LinkedIn's 2nd PR hire. These are my thoughts on products, public relations, and startups.

Seth Godin – No Like, Me Talk

Just kidding! One thing's for sure, Seth Godin sure knows how to stir controversy. Without uttering a word, he's caused a minor blogosphere stir with his "I dont allow comments on my blog" post. Here is Seth's fundamental reason for doing so:

TOO MUCH TIME REQUIRED

That alone is sufficient reason for anyone to not respond. I can totally understand. But blogging takes time too.

Here's my take:
1. Having a blog and not encouraging conversations is like having an open-house and then not letting the people you invite to talk! I think one of the reasons blogs are valued by everybody from college students to corporations is to enable a conversation between writer and reader and to stifle that is not cool. But that may not be every blogger's goal and that probably is not Seth's blog goal either.

2. In my opinion, the difference between response-blogging and no-response-blogging is significant because; no-response-blogging is like preaching from a pulpit while response-blogging is like talking to a bunch of friends. I agree Seth is a pioneer and has a lot of cool marketing ideas that we can read on his blog, but come on…doesn't he want to hear the BLOB deface his ideas on his blog? (What's a BLOB?)

3. But to his credit, Seth's right-on when it comes to permission-marketing a term he coined in 1999, which means
        "Marketers will ask permission before they send advertisements to prospective customers".

If you look at the blogosphere as a town where every random blogger tries to get his 2 minutes of fame via some other famours blogger, then Seth doesn't give permission to those blog-marketers?! Makes sense to me but then what about the comments that make sense. 

So what's the only way you can get his attention. Well, for starters you can use trackbacks as a way of letting him know that you've responded to his post on your blog and I think that's a way he can read your responses when he finds time for it. (What's a trackback?-Thanks, Andy!) I think that's a great alternative to comments, which, by the way, is allowed on Seth's blog.

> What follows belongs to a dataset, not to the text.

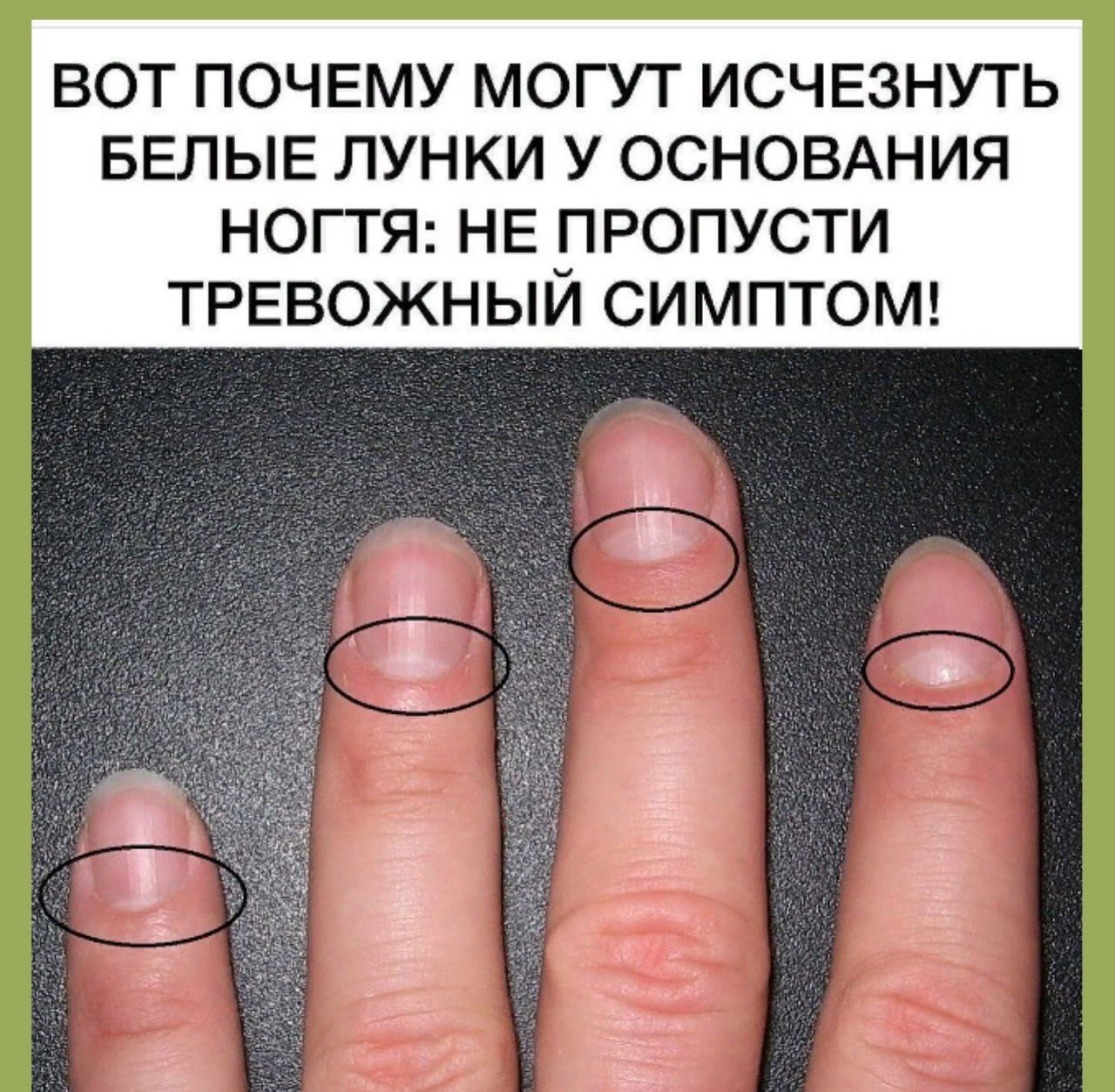 Большие лунки на ногтях рук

Scott Karp is right-on with his incisive take on Seth's no-comments behavior on his blog – Publishing 2.0. Check out Scott's take here.  

You can also read my friend "Jeremiah – The Web Prophet"'s take on Seth's stand here on his blog.

p.s. J, I don't seem to be able to leave any comments on your blog via Firefox. Will try doing the same via IE. Just a heads-up.

Now this to me is one of the coolest things about a blog – this conversation with a fellow blogger via blogs. Awesome!

Filed under: Uncategorized

One Response

  1. You just have to fill in both fields. i approve all comments manually so there is some wait time although I usually respond within minutes to hours

    ——————–

    Jeremiah,

    I saw your response to my Riya comment. Thanks.